O maior medo da Ucrânia é que os Estados Unidos e a União Europeia troquem influência na região por cooperação com a Rússia em outros confrontos, como na Síria. Caso isso aconteça, eles poderão, em grande parte, culpar-se pelo constante fracasso, desde 2014, em tomar controle da corrupção desenfreada no país.

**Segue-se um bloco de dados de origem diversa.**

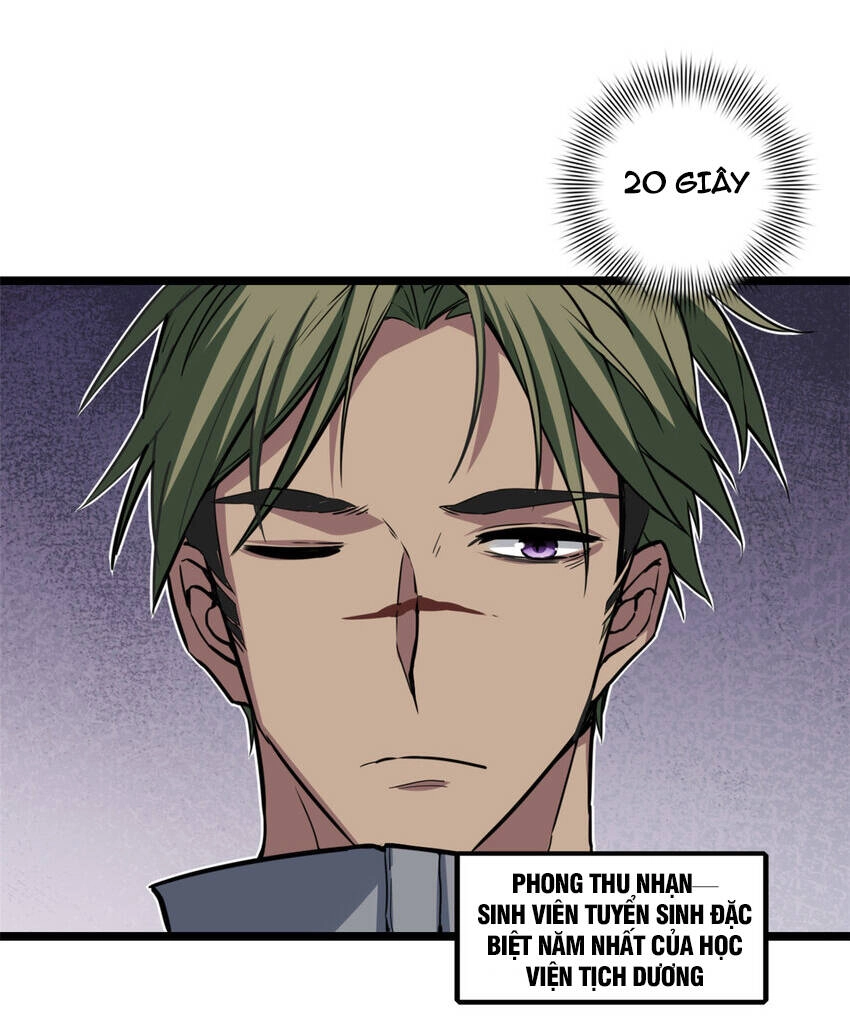 Ta Chỉ Muốn An Tĩnh Chơi Game Chapter 83 - 28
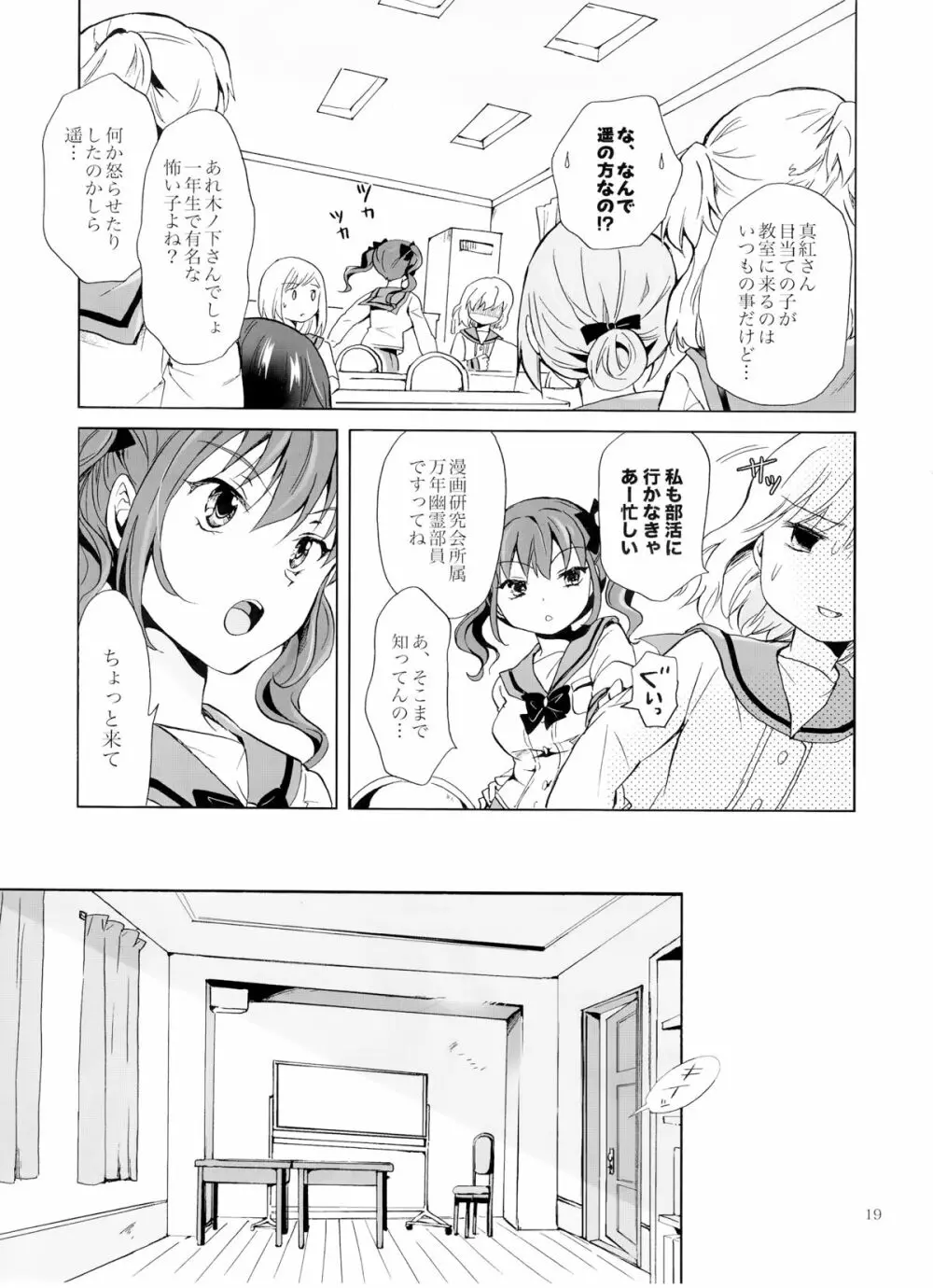 ちゅーしてヴァンパイアGirls -下級生におしおきを- Page.18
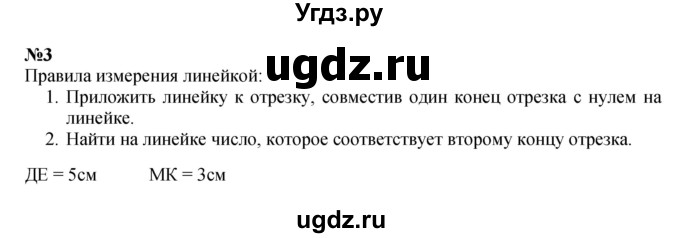 ГДЗ (Решебник к учебнику 2022 4-е изд.) по математике 1 класс Л.Г. Петерсон / часть 3 / урок 1 / 3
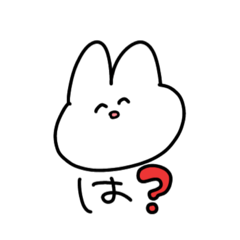 [LINEスタンプ] さすがにうさぎすぎ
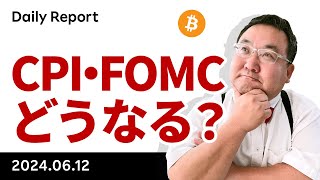 ビットコイン大幅下落、今晩のCPI・FOMCでどうなる？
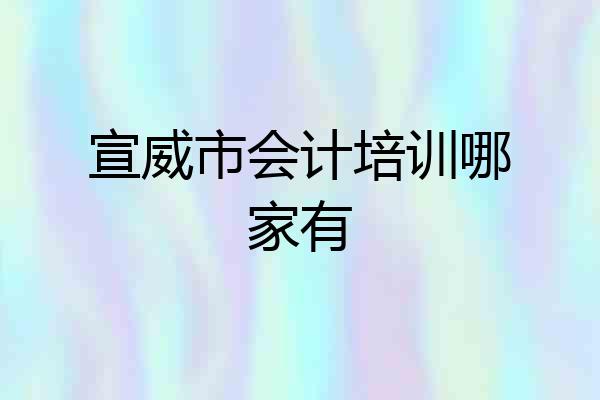 宣威市会计培训哪家有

As outras partes envolvidas no conflito são rebeldes pró-Rússia no leste da Ucrânia, que atualmente detêm o poder de facto em Donetsk e Lugansk. Sua preocupação é que Moscou proponha negociar seu apoio com os rebeldes se Kiev e o Ocidente reconhecerem a reintegração da Crimeia. Restaurar essas províncias será de grande dificuldade para a Ucrânia, uma vez que o Exército nacional é visto como responsável por bombardear a população local ao longo dos últimos dois anos.

Concepção falha

Para entender por que o Minsk II não funciona, é preciso lembrar as circunstâncias em que foi assinado. O exército de Kiev cedeu à ofensiva dos rebeldes em fevereiro de 2015 e abandonou a cidade Debaltseve, ponto estratégico entre Lugansk e Donetsk. Os líderes internacionais estavam, portanto, lutando para encontrar um acordo rápido que encerrasse os confrontos. Em desespero, o presidente ucraniano Petrô Porochenko assinou um acordo que não é capaz de implementar porque não possui controle suficiente sobre o Parlamento para aprovar a legislação necessária.

Na época, ele prometeu que os parlamentares de Kiev iriam aprovar uma resolução até 13 de março de 2015, permitindo uma “Ordem de Autogovernança Local em Determinados Distritos” nas regiões de Donetsk e Lugansk, e estabelecendo, assim, o cenário para as eleições locais nos territórios em disputa.

Dezessete meses depois, porém, Porochenko não moveu uma palha sequer, pois o resultado seria provavelmente o colapso de seu governo. Outro problema é que um dos itens do acordo Minsk II pressupõe anistia por crimes cometidos durante a guerra, e os grupos nacionalistas ucranianos influentes simplesmente não aceitariam isso.

Por outro lado, tanto os rebeldes como Moscou são provavelmente contra o artigo nove, segundo o qual o controle da fronteira de Estado em toda a zona de conflito deve ser restituído ao governo ucraniano. No entanto, isso não precisa acontecer até o dia seguinte às eleições – que, pelo que tudo indica, jamais serão realizadas.

Próximos passos

Porochenko assinou em Minsk um acordo que não pode cumprir. Ele sabe disso, e a Rússia também está a par da situação. Isso significa que a única esperança do governo ucraniano é fazer com que os líderes estrangeiros acreditem que Moscou é responsável por todos os problemas em seu país e que representa um perigo iminente para Kiev e, talvez, para outras partes da Europa também.

No caso do Kremlin, a atual disputa de natureza ideológica é mais uma demonstração de força que obriga as mentes ocidentais a prever do que a Rússia seria capaz ao ser pressionada. No entanto, em um momento em que Pútin investe grandes esforços na tentativa de restaurar as relações com o Ocidente, é impensável que ele vá agora abandonar o seu capital político por questões territoriais na Ucrânia.

Além disso, a demissão surpresa do então chefe da administração do Kremlin, Serguêi Ivanov, na sexta-feira (12), sugere que o governo russo está comprometido em fazer as pazes. Ivanov era considerado o mais importante “silovik” (político com formação em segurança ou serviços militares – GR) na administração atual e visto como linha-dura em relação à Ucrânia. Seu substituto, Anton Vaino, 44 anos, é, porém, um ex-diplomata sem qualquer vínculo com agências militares, sugerindo que os “civis” estão começando a ganhar a discussão em Moscou.

Bryan MacDonald é analista político e jornalista baseado em Moscou.